_ABOUT THIS EXERCISE_: When the line with "Oaks, MN 55127" turns up below, begin repeating exactly, and carry on through the line with "Betty Crocker Chinese"; no pictures go into the copy.

_LISTED RECORDS_:

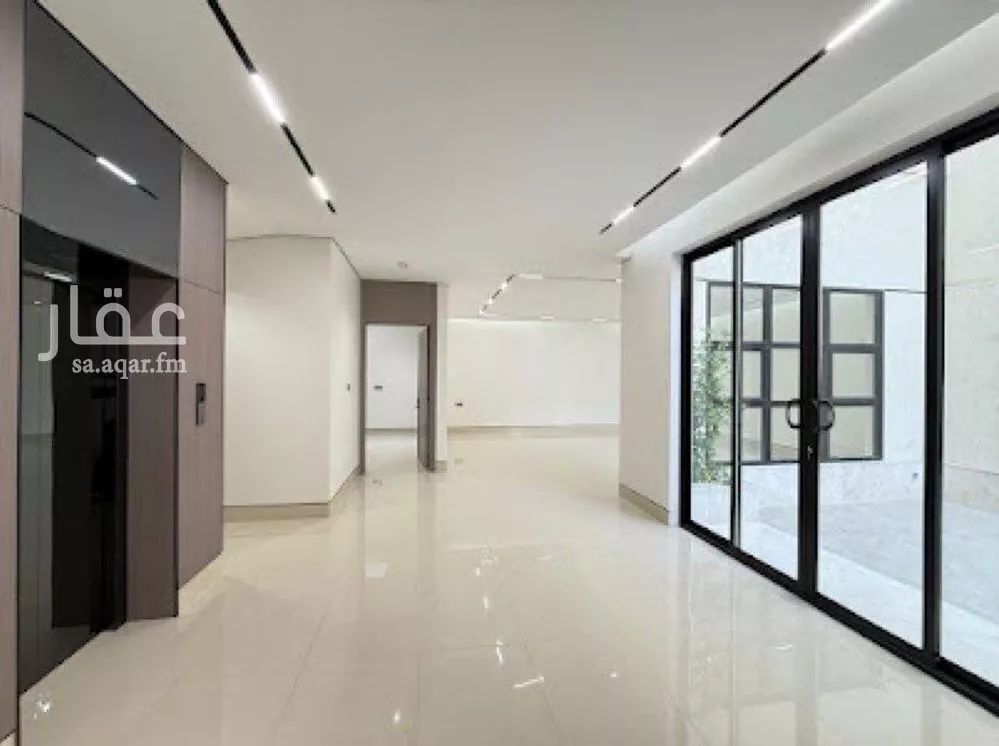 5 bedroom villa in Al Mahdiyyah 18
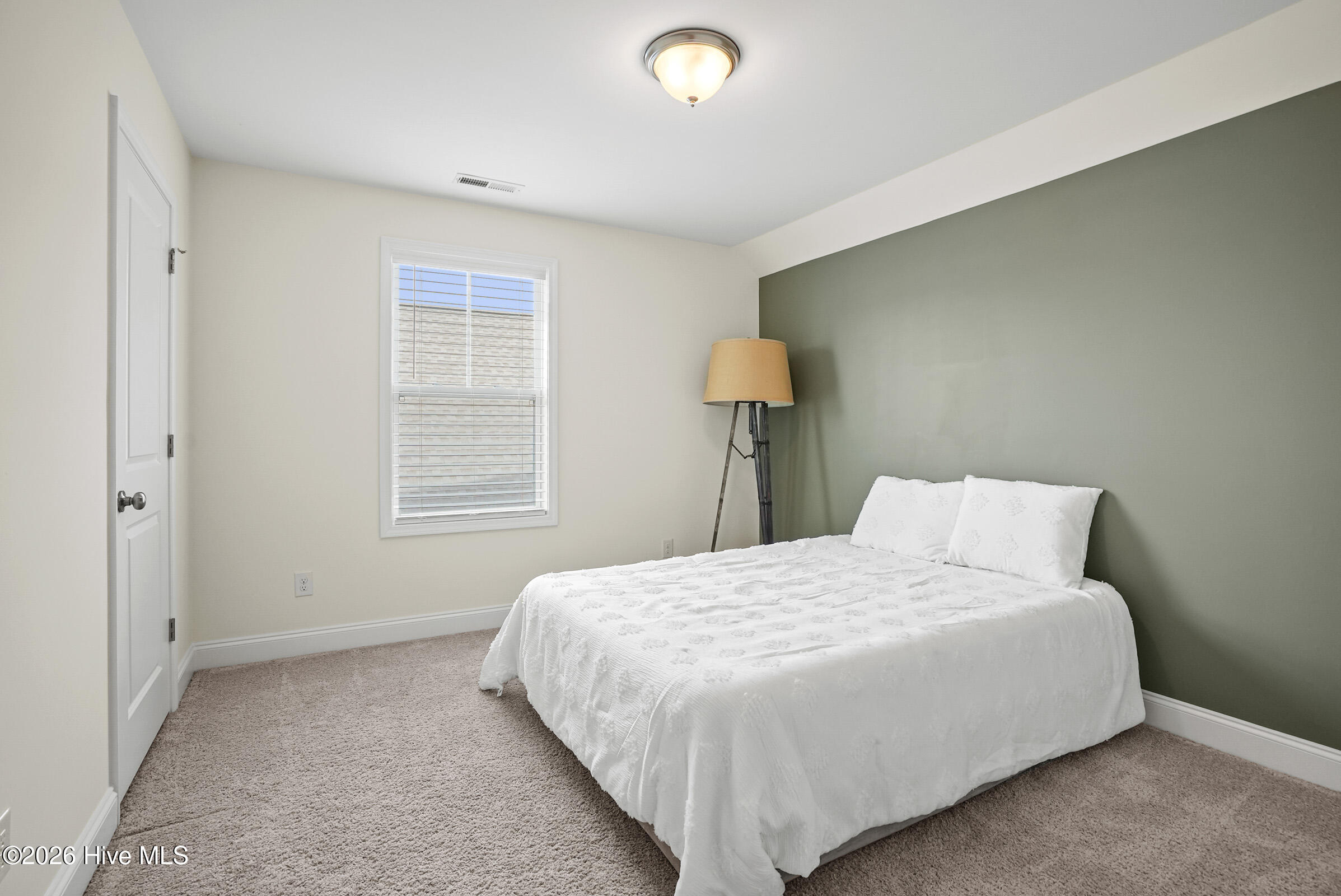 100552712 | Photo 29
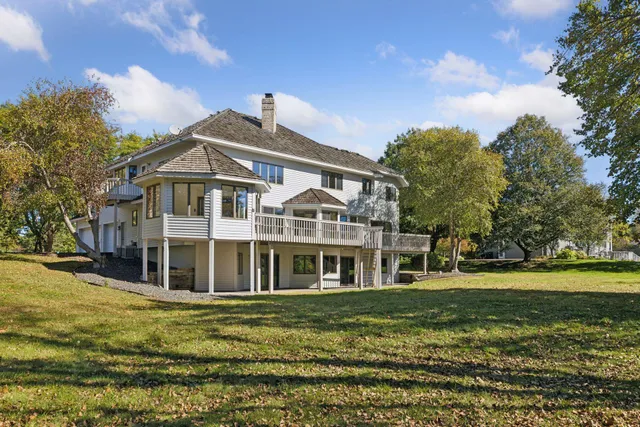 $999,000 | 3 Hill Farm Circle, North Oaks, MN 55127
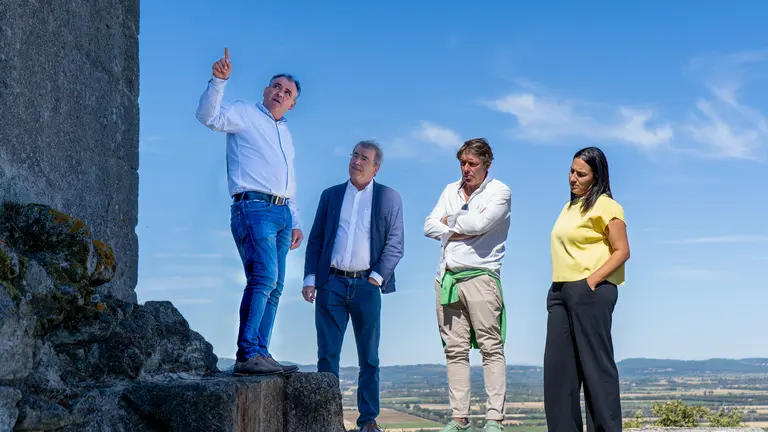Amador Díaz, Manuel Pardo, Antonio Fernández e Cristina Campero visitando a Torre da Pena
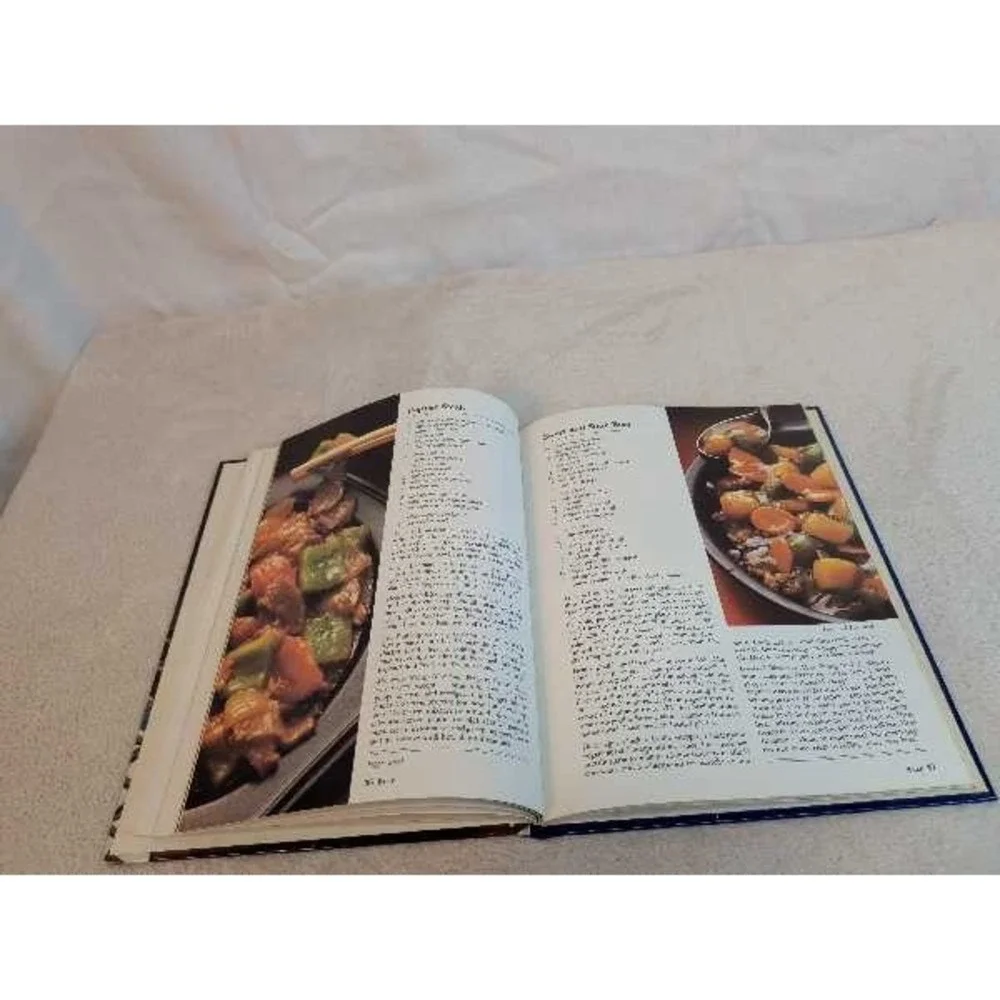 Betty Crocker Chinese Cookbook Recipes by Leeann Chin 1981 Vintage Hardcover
==
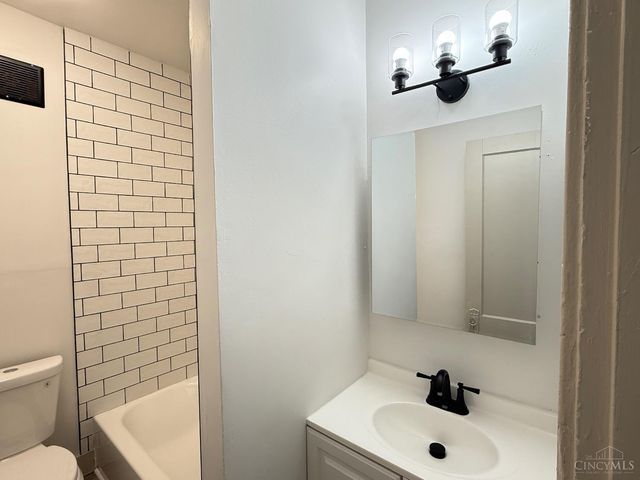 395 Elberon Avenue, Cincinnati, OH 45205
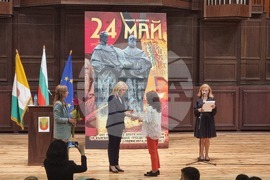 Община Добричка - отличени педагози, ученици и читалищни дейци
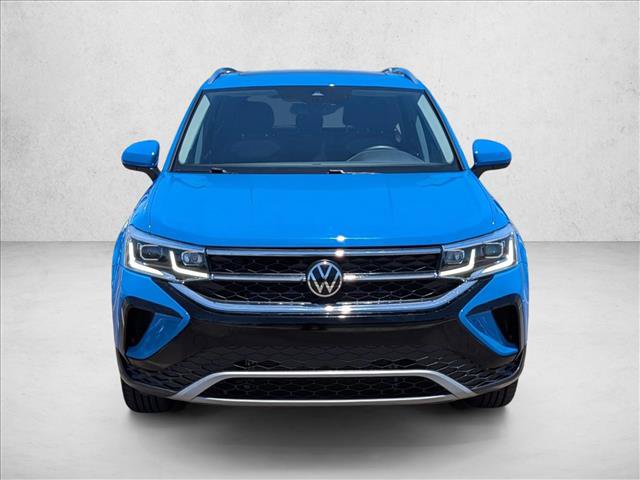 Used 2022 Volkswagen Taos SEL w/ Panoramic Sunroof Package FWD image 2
==
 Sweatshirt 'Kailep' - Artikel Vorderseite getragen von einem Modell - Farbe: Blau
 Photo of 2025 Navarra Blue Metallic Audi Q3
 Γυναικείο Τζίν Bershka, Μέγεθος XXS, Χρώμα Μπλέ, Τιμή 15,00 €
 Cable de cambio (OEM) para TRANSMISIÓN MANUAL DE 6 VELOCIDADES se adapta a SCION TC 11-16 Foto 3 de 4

_RESPONSE TO THE EXERCISE_:
 $999,000 | 3 Hill Farm Circle, North Oaks, MN 55127
Amador Díaz, Manuel Pardo, Antonio Fernández e Cristina Campero visitando a Torre da Pena
 Betty Crocker Chinese Cookbook Recipes by Leeann Chin 1981 Vintage Hardcover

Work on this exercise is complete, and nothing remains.